She listens carefully to Keith's words.

"I agree with you entirely.  To fight when the outcome is uncertain, to duel when you know that you might come out alive, or dead... there is certainly a feeling of exhileration that comes from that."

_This is becoming... eerie.  In so many ways are we alike.  Thankfully we have our differences.  But still... the similarities, they are very unnerving..._

"I understand why you feel that way.  But, if you don't mind me asking - what does the 'moment' set you free from?"


----------



## Tokiwong (Apr 27, 2002)

_Interesting question..._

"The moment sets me free from the hum-drum of everyday life... I suppose... a brief sojourn I suppose.  To know that in that moment my will will make a change in reality... for better or for worse... the answer is perhaps not wholly satisfying... it is soemthing that should be experienced..."

_If only I knew the whole answer myself..._


----------



## GnomeWorks (Apr 27, 2002)

_Hmm... that wasn't it._

"An interesting thought.  I don't experience any type of... elatedness like that when I am fighting.  Perhaps I am just not listening well enough to my senses.  During a duel, my feelings all get a little mixed up, and add that to trying to ensure that I don't end up hit or dead, I'm not really able to observe my thoughts at the particular moment."

_Where is this conversation going?_


----------



## Tokiwong (Apr 27, 2002)

_Interesting..._

"I try to analyze every moment... like now.. we have been chatting long after we finished our food... on subjects that most others would find terribly strange or boring..."

Keith thinks for a moment...

"Well I think I should get to some chores before the day drags on too long... perhaps we can chat later?"

Keith stands...


----------



## GnomeWorks (Apr 27, 2002)

_He's scared of something.  Why else would he be going now?  Sure we have finished our food, and we are talking of matters that 'others would find terribly strange or boring' - so?  Oh well... men..._

"They might, and might not.  We are simply friends trying to understand each other.  What is so strange about that?"

Charlotte stands up after Keith rises.

"Indeed, I also have things to do before the sun gets too high.  We should do this again some time, Keith."

With that, Charlotte begins walking back to her room, letting none of her inner, chaotic emotions show through in any of her actions.

_Why does he always act so non-emotional?  I know that he has them, but he acts as though he can't let them through.  That can't be good for his psyche.  He'll figure it out eventually, I guess..._


----------



## Tokiwong (Apr 27, 2002)

_She is inquisitive and interesting... I like her... she called me a friend... how interesting as well..._

Keith returned to his quarters with a slow measured walk... mulling over the events of the morning...

_So far it has been a pleasant morning..._


----------



## GnomeWorks (Apr 27, 2002)

Charlotte returns to her room, slamming the door behind her.

_Why didn't he want to keep talking?  What triggered it?_

Trying to be as calm as possible, she sets her rapier in it's place above her bed.  She then removes her psicrystal, and places it on her bed.

_Oh well.  Nothing I can do now.  It's over and done with.  We might talk again, and we might not.  For now, I need to concentrate and bring my powers into focus.  Then I can consider the spar, and then perhaps there will be time to contemplate Keith._

Charlotte sits on her bed, crosses her legs, and closes her eyes, bringing out the psionic talent that she knows lies dormant just within her mind.


----------



## poilbrun (Apr 28, 2002)

_Is this a way of interrupting people, even more so friends?
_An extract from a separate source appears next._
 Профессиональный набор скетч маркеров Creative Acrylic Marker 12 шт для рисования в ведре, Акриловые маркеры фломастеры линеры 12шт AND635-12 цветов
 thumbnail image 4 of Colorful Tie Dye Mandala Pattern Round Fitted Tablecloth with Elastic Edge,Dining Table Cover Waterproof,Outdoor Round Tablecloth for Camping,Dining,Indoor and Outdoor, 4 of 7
I'm studying, she breaks my concentration, then when I'm ready to leave with him, starts studying... Oh, well, I guys I'll never understand girls..._

"If you don't mind, I'll leave you at your deciphering of this text. I got to go back to my room and drop a book good old Yodwin was friendly enough to give me... I'll be pretty quick, don't worry!" Maerath picks up a huge book lying on the table and starts for the door when he suddenly stops and turns around, looking with a puzzled face around the hall. After some seconds, Squeekie springs from a bookshelf and lands of Maerath's shoulder. "You're not used to keeping me waiting. Let's go, we must hasten if we want Arana to be here when we come back, she's not fond of studying, is she?" Maerath then heads for the door, but before leaving turns his head and offers a big smile to Arana.

Maerath hustles through the academy to reach his room. Once there, he puts the book in a safe place before starting back for the library.


----------



## Tokiwong (Apr 28, 2002)

Keith settles into his room and tidies up some before looking over his journal... he raises an ink quill to begin to scribe some... he thinks against it... and sets the quill down...
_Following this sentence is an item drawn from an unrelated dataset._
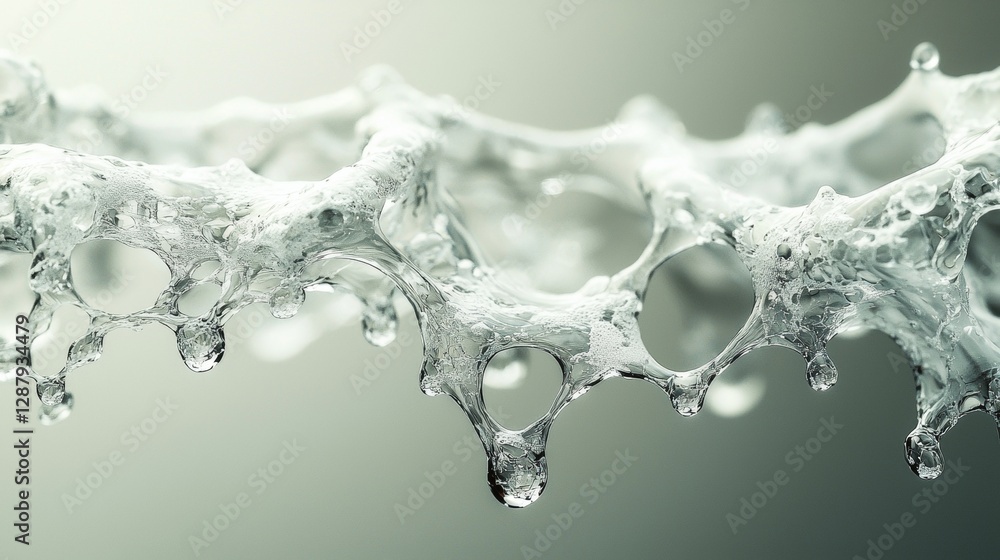 Poster exploring the dynamic movement of water droplets nature macro photography serene environment close-u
_Later... my muscles long for more exertion..._

Keith stands and goes to get in a good physical workout... in the main practice yard... not really finding any chores... worthwhile...

_Perhaps I was abrupt earlier... but... I... later... I can explain myself... I suppose..._


----------



## GnomeWorks (Apr 28, 2002)

Charlotte comes out of her psionic trance slowly.  She blinks her eyes, rubs them, and yawns.
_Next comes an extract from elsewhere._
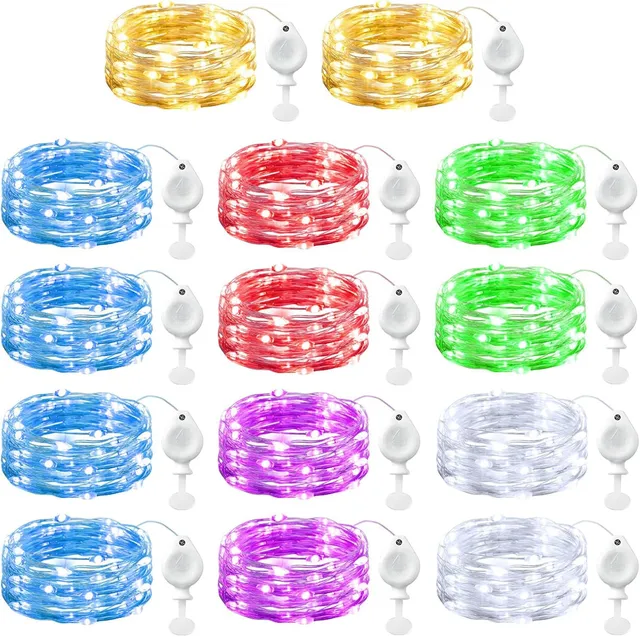 brightown-14-pack-7ft-led-silver-wire-fairy-lights-20-leds-in-6-colors-battery-o image 1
*Took you long enough.* A mental voice floats through her head from the direction of the crystal on her bed.

_Oh, shut up, Doyle.  I had more to think about today than usual._ 

Charlotte collects her rapier, and straps it to her side.

"Let me think... I reviewed the sparring match with Keith, I focused my powers... I guess I'm pretty much done with my meditation."

*You thought earlier that you were going to contemplate the elf...*

_I've decided not to.  He requires no contemplation.  If we talk again, then it might be worthwhile thinking about him and wondering.  As it stands, though..._

_*You are a fool, Charlotte.  Go after him!  Force him to talk-*_

"Shut up, Doyle!" Charlotte yells at the psicrystal. _I don't need that right now.  I know what I'm doing... somewhat.  You just stay out of it.  I can handle myself._

"Hmm... everyone was gathering in the library, before.  Perhaps we should go bother them."

Charlotte picks up her psicrystal, and begins walking towards the library.


----------



## Tokiwong (Apr 28, 2002)

*Keith ponders... and thinks of the past...*

Keith continues to exert himself in the courtyard… practicing his steps and thrusts and parries.  He does not stop wholly focused, but not on the moment, but the past… a past that gnaws at him…

_Keith sat at in the dark room alone, his rapier sitting before him on the ground.  He wore only loose fitting pants and sandals.  The floor was cobble stoned and cold against his exposed flesh.  A soft breeze wafted through the room with smell of salt and brines… the crashing of waves distinctly heard.  Keith waited patiently, for nearly twelve hours he had contemplated… and waited just as Alustir had instructed.

*Why has she brought me here?  What impossible task could she have for me now?  Perhaps this is the final test?  Nearly half a day has passed and I have yet to move.  Does she wish to test my patience?*

Keith heard the rustle of sound, just above a whisper.  But he did not move, holding his tightened muscles until they would be absolutely needed.  He knew there was a second person in the room, he could almost feel their presence…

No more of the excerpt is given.